• What is required:
All lines from the one containing "Перчатки туристические шерстяные" through the end of the data below are to be repeated exactly, with pictures left out.

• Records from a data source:
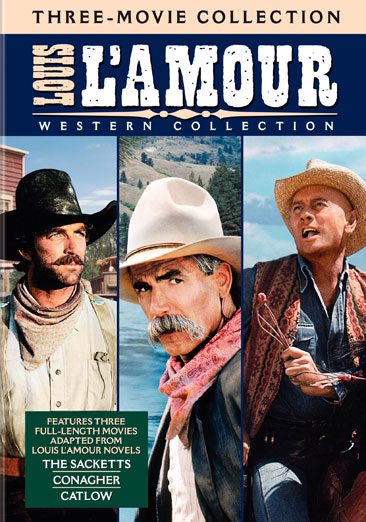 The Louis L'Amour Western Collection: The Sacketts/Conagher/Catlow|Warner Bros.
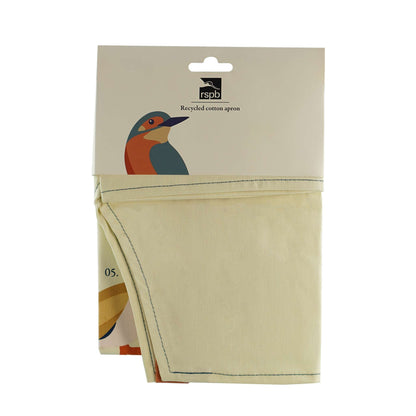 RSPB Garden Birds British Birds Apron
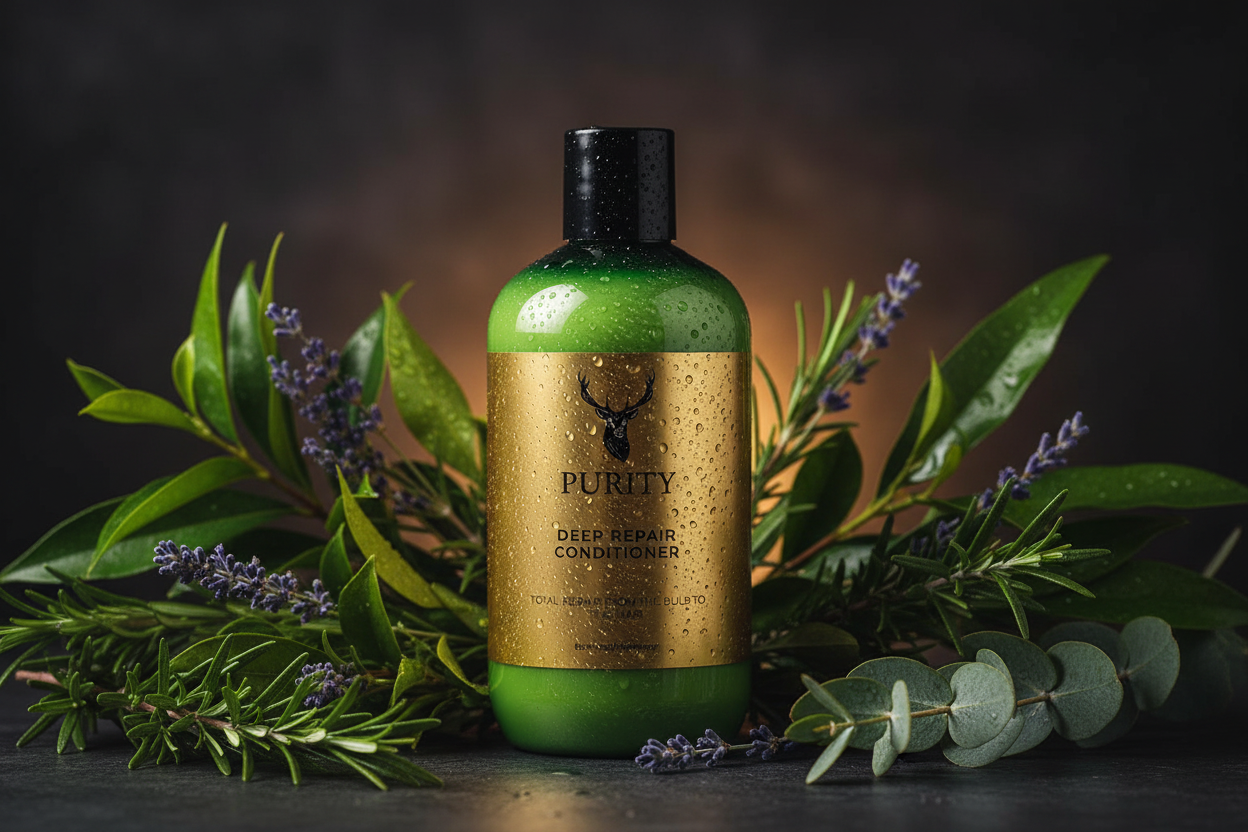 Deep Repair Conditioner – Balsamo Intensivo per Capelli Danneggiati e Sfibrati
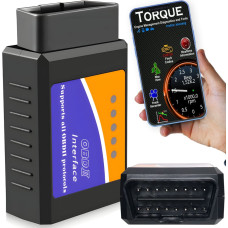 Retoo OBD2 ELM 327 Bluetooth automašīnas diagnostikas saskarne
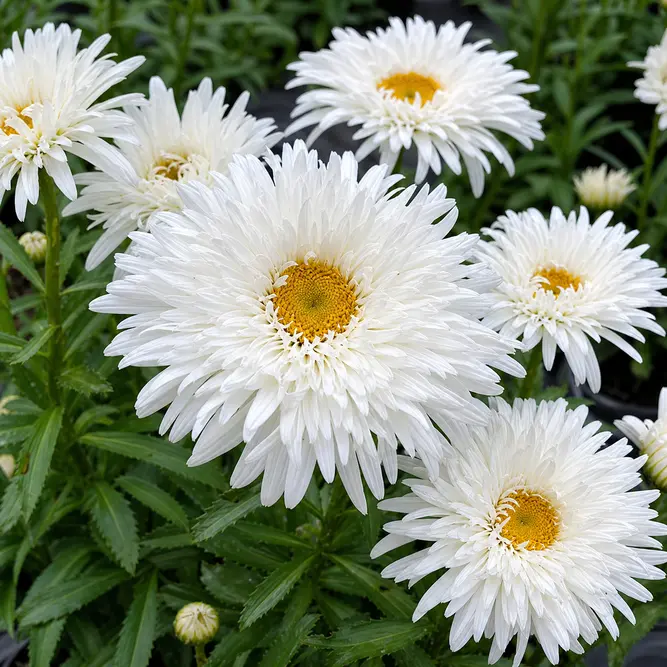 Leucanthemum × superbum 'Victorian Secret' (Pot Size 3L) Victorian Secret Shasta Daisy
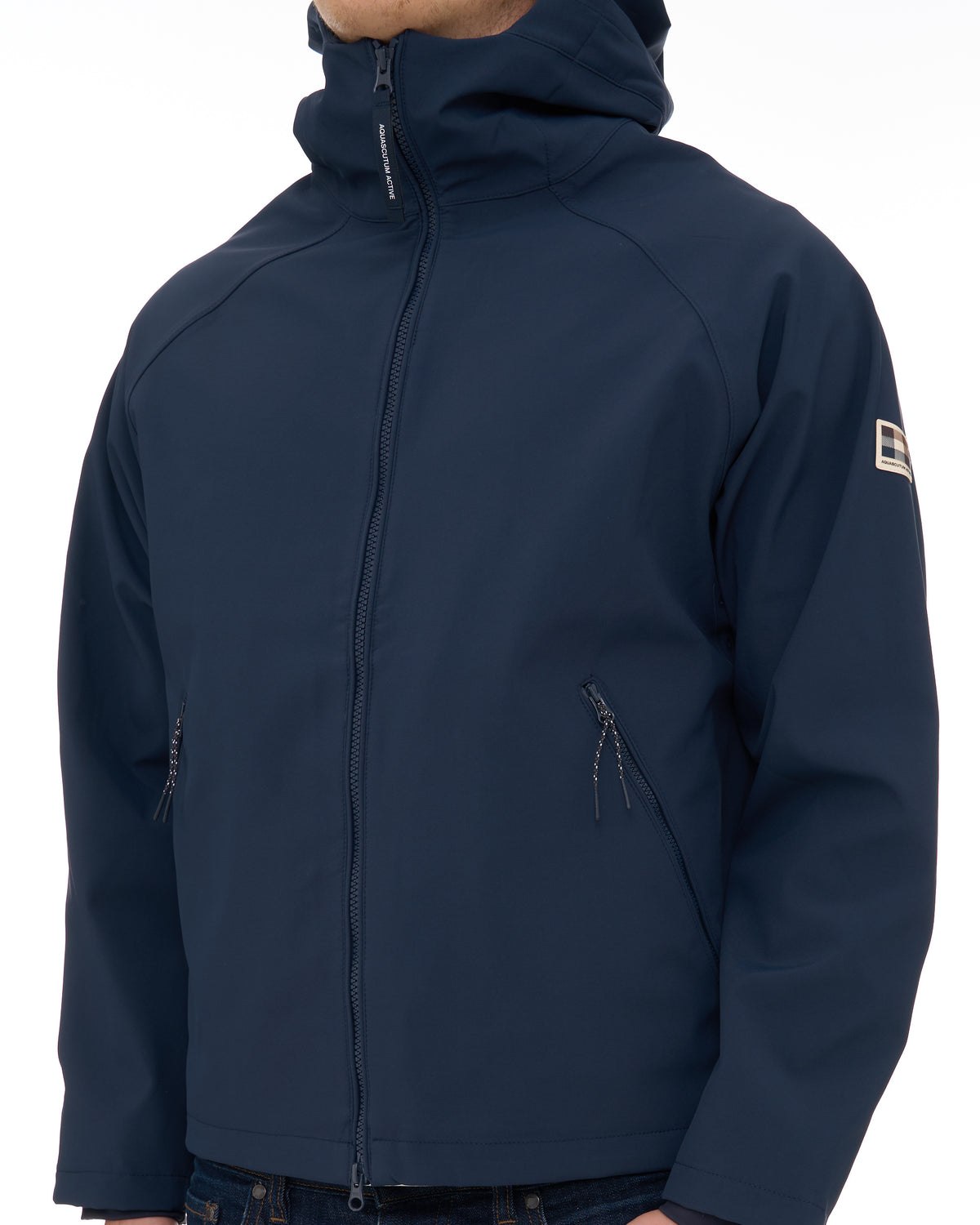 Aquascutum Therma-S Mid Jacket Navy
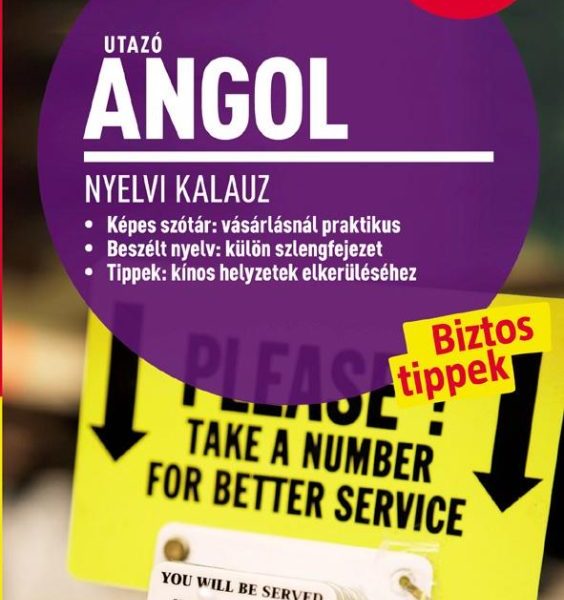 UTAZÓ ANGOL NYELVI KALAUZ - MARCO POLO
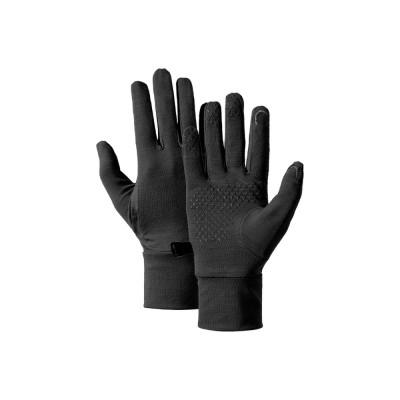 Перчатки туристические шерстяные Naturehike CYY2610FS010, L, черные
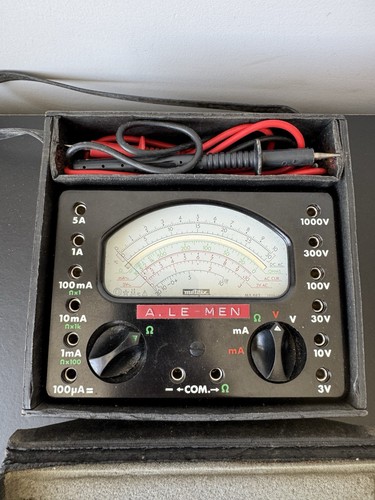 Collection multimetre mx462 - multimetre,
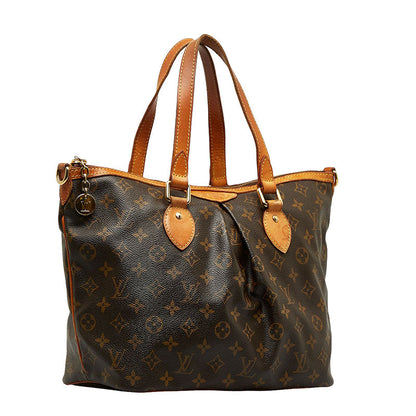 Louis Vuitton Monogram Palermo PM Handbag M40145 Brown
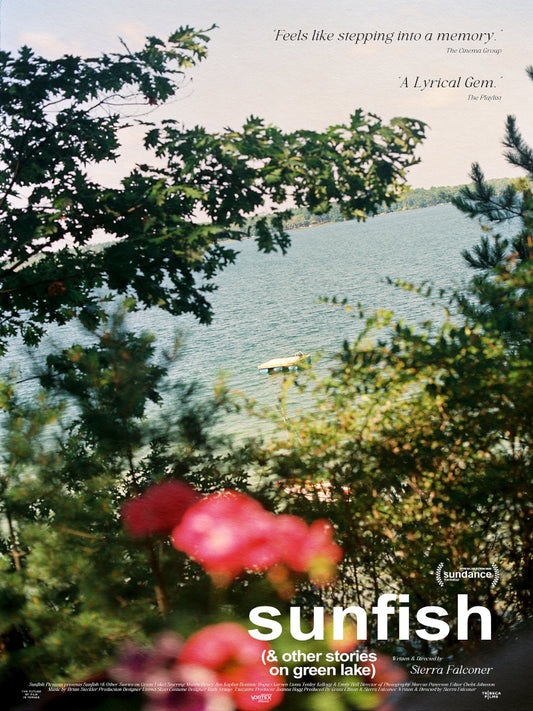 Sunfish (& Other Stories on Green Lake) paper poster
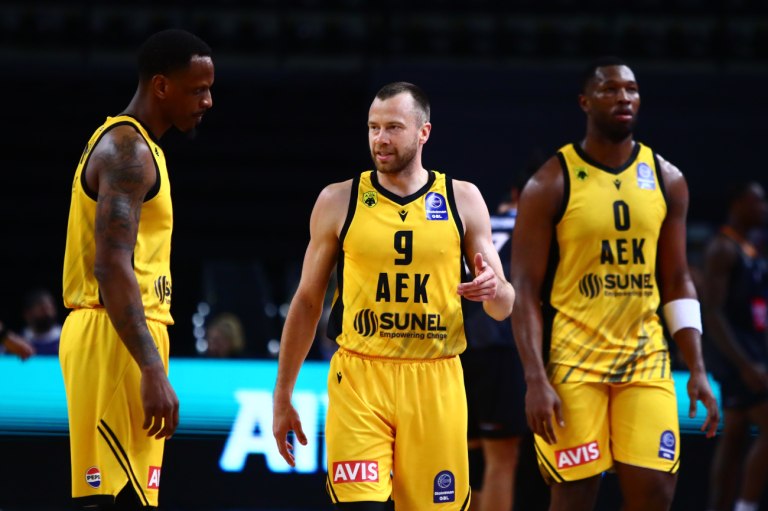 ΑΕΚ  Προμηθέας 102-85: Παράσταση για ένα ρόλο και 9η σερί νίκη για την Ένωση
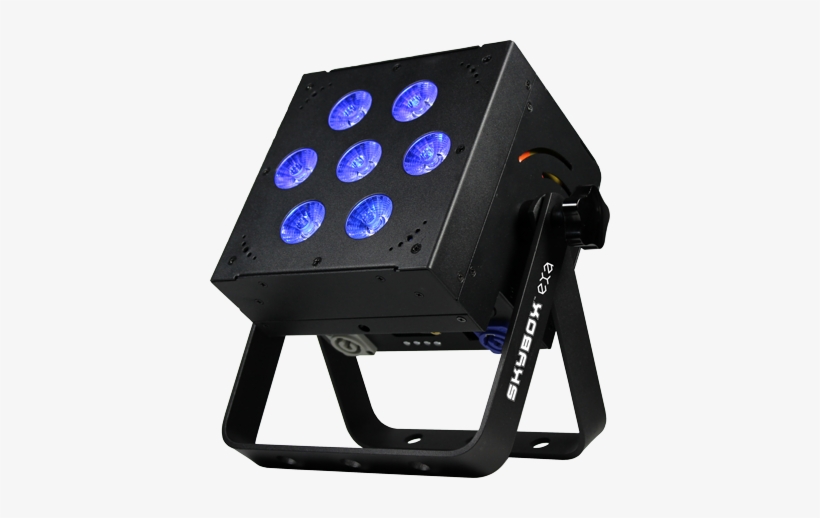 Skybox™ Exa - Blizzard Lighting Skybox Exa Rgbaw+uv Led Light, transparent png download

• Written answer:
 Перчатки туристические шерстяные Naturehike CYY2610FS010, L, черные
 Collection multimetre mx462 - multimetre,
 Louis Vuitton Monogram Palermo PM Handbag M40145 Brown
 Sunfish (& Other Stories on Green Lake) paper poster
 ΑΕΚ  Προμηθέας 102-85: Παράσταση για ένα ρόλο και 9η σερί νίκη για την Ένωση
 Skybox™ Exa - Blizzard Lighting Skybox Exa Rgbaw+uv Led Light, transparent png download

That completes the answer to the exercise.